** Supplied entries follows **

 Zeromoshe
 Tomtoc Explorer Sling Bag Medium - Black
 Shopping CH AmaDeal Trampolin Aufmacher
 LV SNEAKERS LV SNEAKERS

** End of Supplied entries **
** Supplied entries follows **

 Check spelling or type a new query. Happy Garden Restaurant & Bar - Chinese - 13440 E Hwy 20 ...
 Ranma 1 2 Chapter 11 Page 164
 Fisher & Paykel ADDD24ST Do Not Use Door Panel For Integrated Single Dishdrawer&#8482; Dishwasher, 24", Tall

** End of Supplied entries **
** Supplied entries follows **

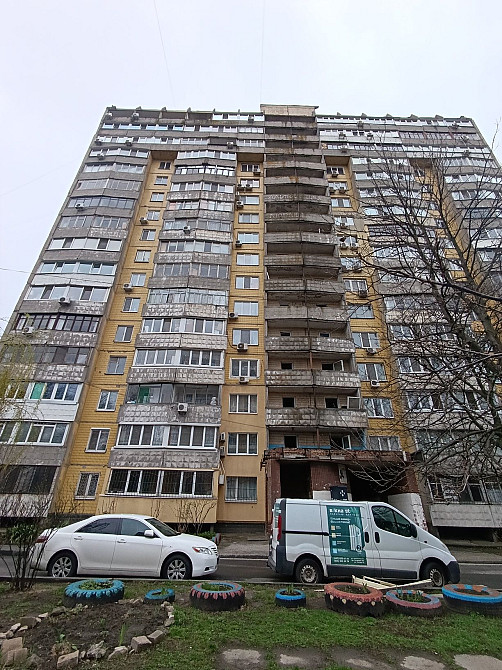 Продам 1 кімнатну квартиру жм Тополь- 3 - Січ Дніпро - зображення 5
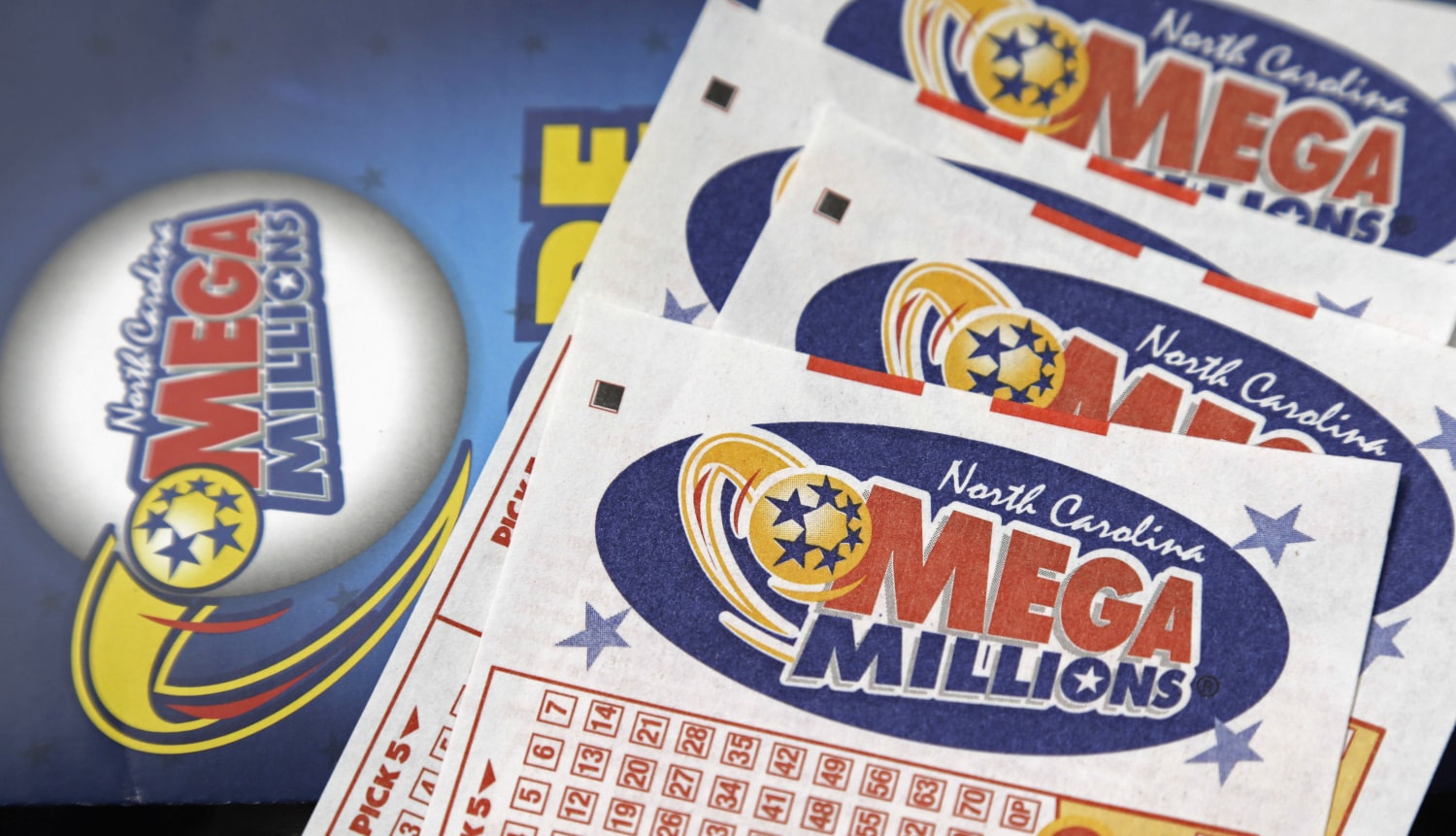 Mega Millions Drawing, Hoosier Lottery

** End of Supplied entries **

(Exercise brief):
Reproduce, exactly as they stand in the data above, the lines from the one that holds "Tomtoc Explorer Sling Bag Medium - Black" to the one that holds "LV SNEAKERS LV SNEAKERS", inclusive.

(Finished exercise):
 Tomtoc Explorer Sling Bag Medium - Black
 Shopping CH AmaDeal Trampolin Aufmacher
 LV SNEAKERS LV SNEAKERS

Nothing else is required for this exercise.